The calculation of the artificial neural network may be performed based on a result of preprocessing utterance information. For example, the preprocessing may correspond to division of a speech frame or generation of a feature vector. However, the present disclosure is not limited thereto.
The device 1200 may calculate the first loss based on the frame embedding vector of the first encoder 1210 obtained through forward propagation, a target embedding vector of the second encoder 1220, and the perceptual loss function.
The device 1200 may calibrate parameters based on the calculated first loss. According to an embodiment, the parameters of the first encoder 1210 may be calibrated by performing backpropagation based on the first loss. For example, the device 1200 may perform backpropagation to calibrate the parameters of the first encoder 1210 to reduce a loss value.
The device 1200 may perform forward propagation and backpropagation at least once based on the calibrated parameters. According to an embodiment, the device 1200 may repeat forward propagation and backpropagation a preset number of times. In some embodiments, the device 1200 may repeat forward propagation and backpropagation until the calculated loss value becomes less than a preset error range.
The device 1200 may obtain at least one comparative feature vector by inputting comparative utterance information different from the predetermined utterance information into the first encoder 1210. The comparative utterance information may be obtained from a preset training database.
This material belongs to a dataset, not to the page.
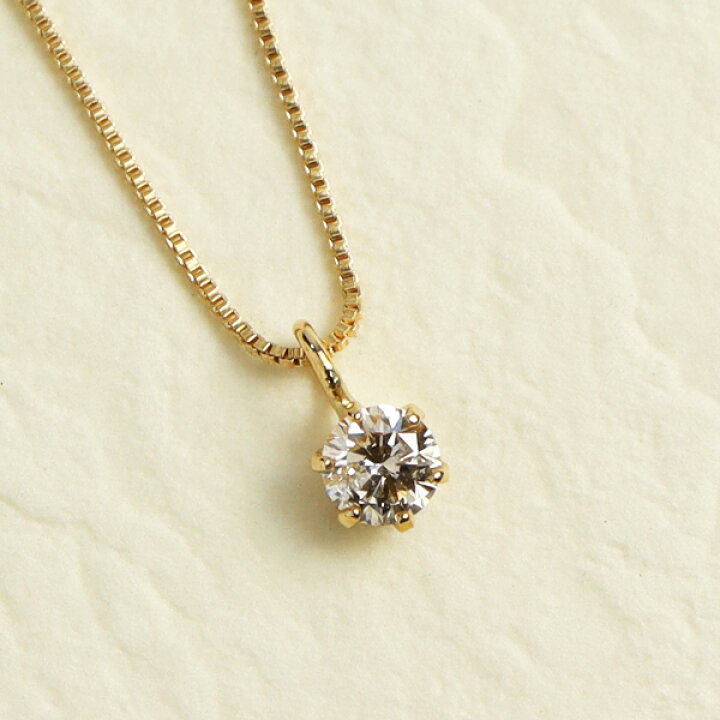 楽天市場】K18 一粒 ダイヤモンド ネックレス ゴールド 18金 18k 天然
A first speaker corresponding to the comparative utterance information may be different from a second speaker corresponding to the predetermined utterance information.
The feature vector may be understood as being generated by extracting features of a speech frame. Thus, it may be preferable that feature vectors for the same speaker is generated to be far from feature vectors for other speakers in a vector space.
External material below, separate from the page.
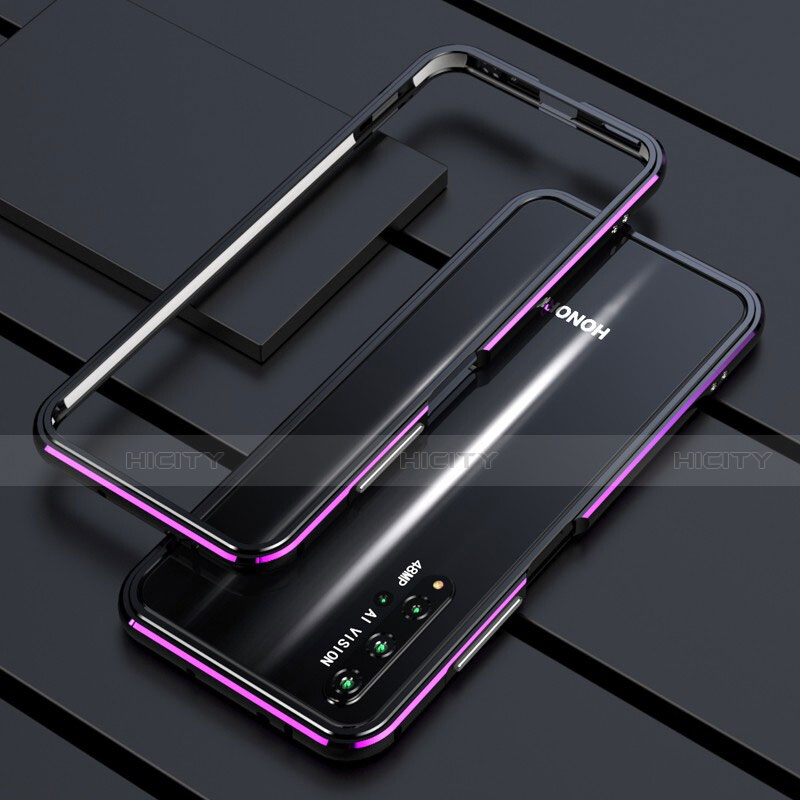 Funda Bumper Lujo Marco de Aluminio Carcasa T01 para Huawei Nova 5T Morado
The device 1200 may generate a feature vector by inputting utterance information of the first speaker as predetermined utterance information into the first encoder 1210. The device 1200 may obtain a comparative feature vector by inputting utterance information of a second speaker, who is different from the first speaker, as comparative utterance information into the first encoder 1210.
According to an embodiment, the device 1200 may calculate a second loss based on one comparative feature vector selected from among at least one comparative feature vector, two feature vectors selected from a plurality of feature vectors generated based on the predetermined utterance information, and the triplet loss function. The triplet loss function may include a loss function that uses two vectors in the same class and one vector in another class, as variables. The device 1200 may calculate the second loss by inputting two feature vectors corresponding to the first speaker and one comparative feature vector corresponding to the second speaker, into the triplet loss function.
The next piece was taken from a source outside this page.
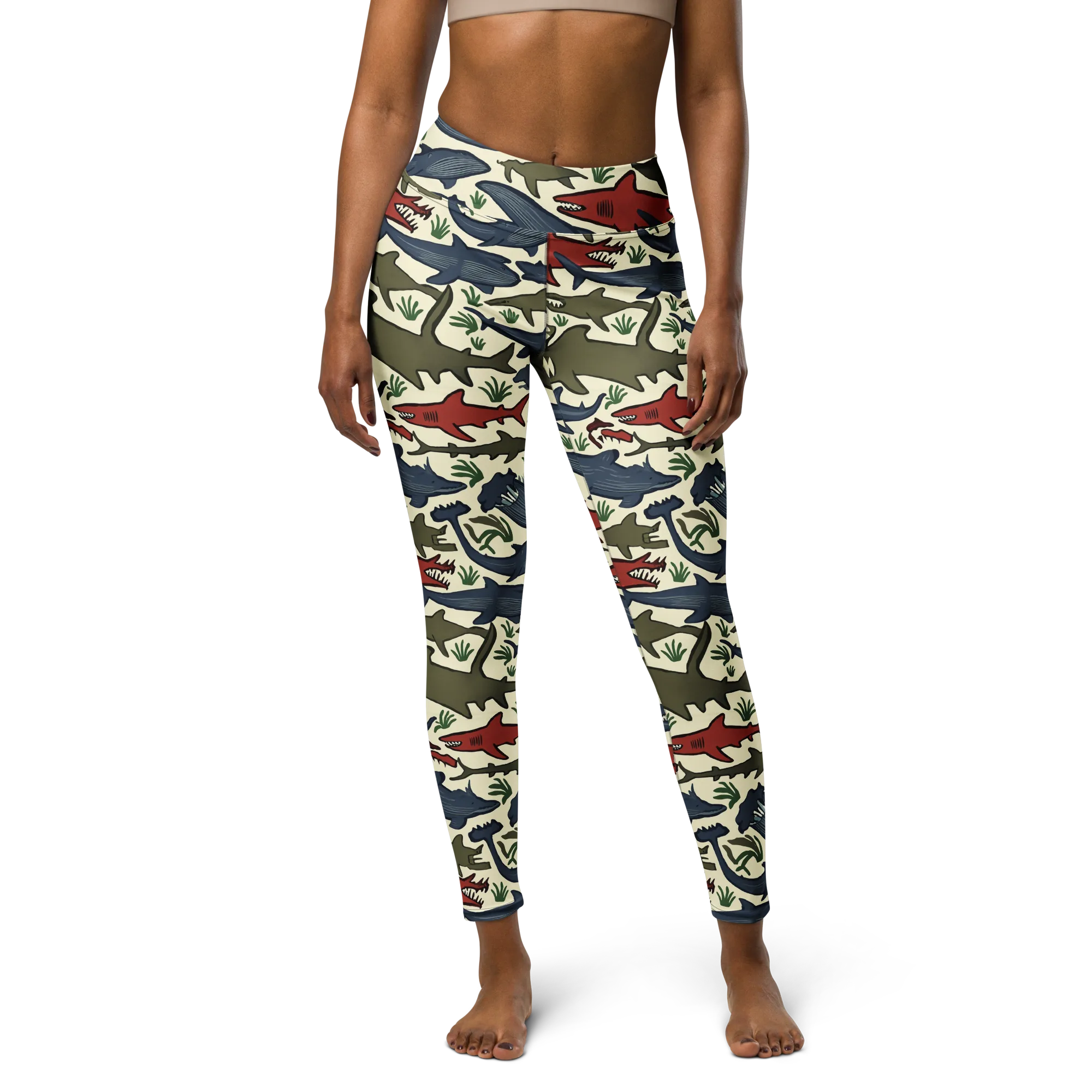 Shark Reef Riot on Yoga Leggings — Front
The device 1200 may calibrate the parameters of the first encoder 1210 based on the calculated second loss. The device 1200 may calibrate the parameters of the first encoder 1210 such that feature vectors for the same speaker are generated to be close to each other in the vector space, and feature vectors for different speakers are generated to be far from each other in the vector space.
Hereinafter, generating an unlearned utterance embedding vector by using the first encoder 1210 that is trained via transfer learning will be described in detail.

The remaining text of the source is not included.